Restricted share unlock After the lock-up period expires, previously non-tradable shares gain listing eligibility. When a large unlock (> ¥5 billion) approaches, stock prices tend to come under pressure. EasyQuant provides this data via get_restriction_release().


S

Sharpe ratio (Annualized return − annualized risk-free rate) / annualized volatility. Measures how much excess return is earned per unit of total risk. A Sharpe ratio > 1 is generally considered good.

Sortino ratio (Annualized return − MAR) / downside standard deviation. Unlike Sharpe, it only considers downside volatility (returns below the Minimum Acceptable Return, MAR = 0), and does not penalize positive volatility.

ST (Special Treatment) A special designation by the Shanghai and Shenzhen exchanges for stocks with abnormal business conditions (*ST / ST). ST stocks have a ±5% daily price limit. EasyQuant's filter_st_stocks() function can exclude ST stocks from the stock universe.

Stamp duty A tax levied on sell-side transactions in A-shares. Currently 0.05% (halved since August 2023). Set via close_tax=0.0005 in the OrderCost configuration.

survivorship bias Using only currently listed stocks for backtesting while ignoring delisted or ST-designated stocks, causing inflated backtest returns. EasyQuant's eqlib.scientific.check_survivorship_bias() can detect this bias.


T

T+1 A-share trading rule: shares bought today can only be sold starting the next trading day. EasyQuant enforces this via _t1_locked_amounts to prevent false same-day trading signals in backtests.

trading calendar The A-share trading calendar, excluding holidays and weekends.
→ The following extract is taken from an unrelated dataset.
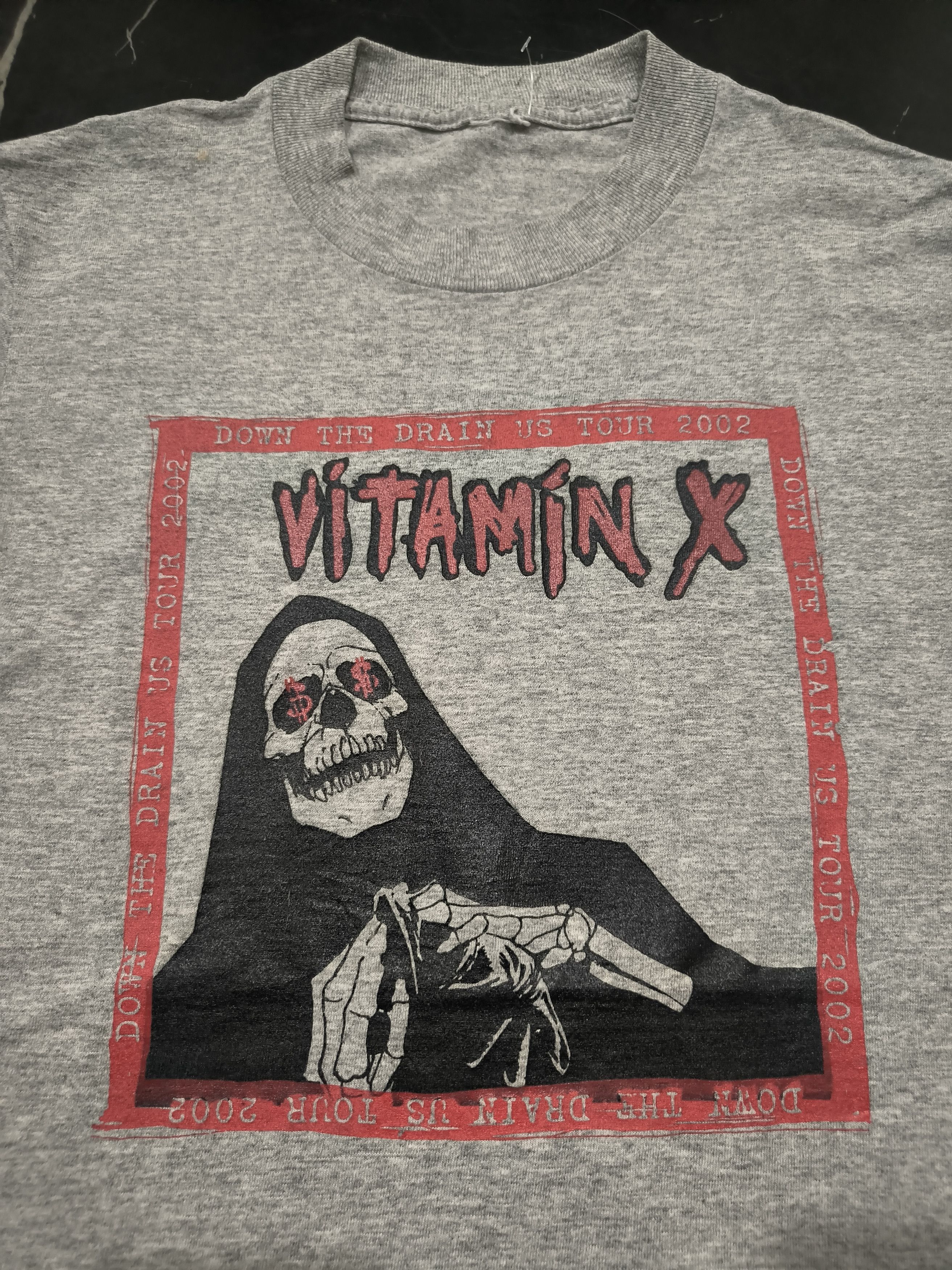 Band Tees Vintage Vitamin X "Dow the drain" 2002 tour t shirt Size US S / EU 44-46 / 1 - 3 Thumbnail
EasyQuant prefers Sina Finance's ak.tool_trade_date_hist_sina() for precise trading dates, cached in PreloadedData._dates.


U

universe The set of stocks a strategy operates on, accessed via context.universe, set through set_universe() or by assignment in initialize().


V

VaR (Value at Risk) The maximum expected loss a portfolio may suffer within a given holding period at a specified confidence level (e.g., 95%). EasyQuant provides calculation via eqlib.scientific.value_at_risk() and utils.value_at_risk().
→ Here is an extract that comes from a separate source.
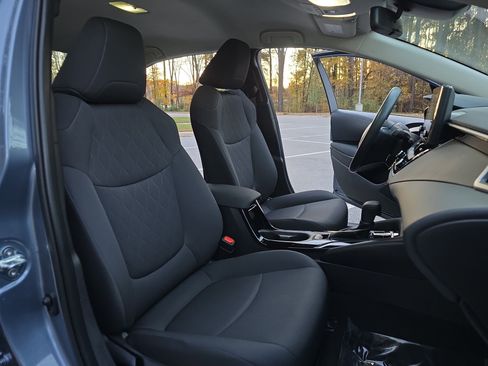 Used 2022 Toyota Corolla LE image 10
CVaR (Conditional VaR) Also known as Expected Shortfall (ES). The expected loss given that losses exceed VaR, measuring tail risk. EasyQuant provides calculation via eqlib.scientific.conditional_var() and utils.conditional_var().


W

walk-forward analysis Divides the historical period into alternating in-sample (IS) and out-of-sample (OOS) windows: parameters are optimized on the IS window and validated on the OOS window, then OOS curves are stitched together. Used to detect overfitting. EasyQuant provides this via eqlib.wfa.walk_forward().


Chinese Market Terms

North-bound capital (北向资金) Capital flowing into A-shares from Hong Kong via Shanghai-Hong Kong Stock Connect and Shenzhen-Hong Kong Stock Connect, often regarded as a "smart money" indicator. Large net inflows are typically seen as bullish signals, while large net outflows are viewed as risk warnings. EasyQuant provides this data via get_north_money_flow().

Margin trading (融资融券) Leveraged trading where investors borrow funds from brokers to buy (margin buying) or borrow shares to sell short. A rapidly rising margin balance reflects overheated market sentiment, while a rapid decline reflects panic. EasyQuant provides this data via get_margin_data().
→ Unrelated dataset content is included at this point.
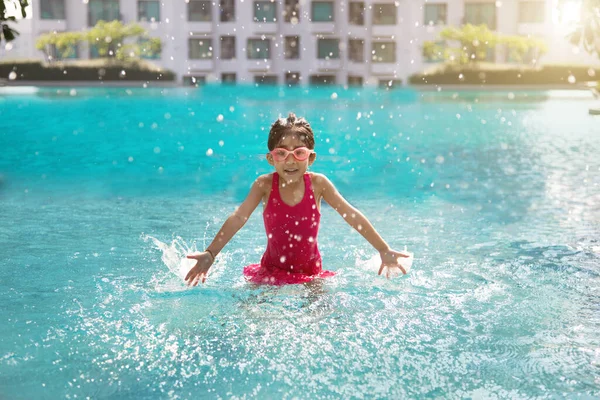 Glückliche Asiatische Kind Spielt Wasser Schwimmbad Sommer Hintergrund — Stockfoto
Limit up / Limit down (涨跌停) A-share daily price change limit system (main board ±10%, ChiNext / STAR Market ±20%). An abnormally high number of limit-down stocks is a systemic risk warning, while an abnormally high number of limit-up stocks may foreshadow a pullback. EasyQuant provides this data via get_limit_up_down_stats().

Restricted share unlock (限售股解禁) After the lock-up period expires, previously non-tradable shares gain listing eligibility. When a large unlock (> ¥5 billion) approaches, stock prices tend to come under pressure. EasyQuant provides this data via get_restriction_release().

Kill Switch A protection mechanism that automatically halts trading when risk metrics exceed thresholds. EasyQuant's PortfolioRiskMonitor supports single-strategy drawdown kill switches, portfolio-level drawdown kill switches, correlation kill switches, and market stress kill switches.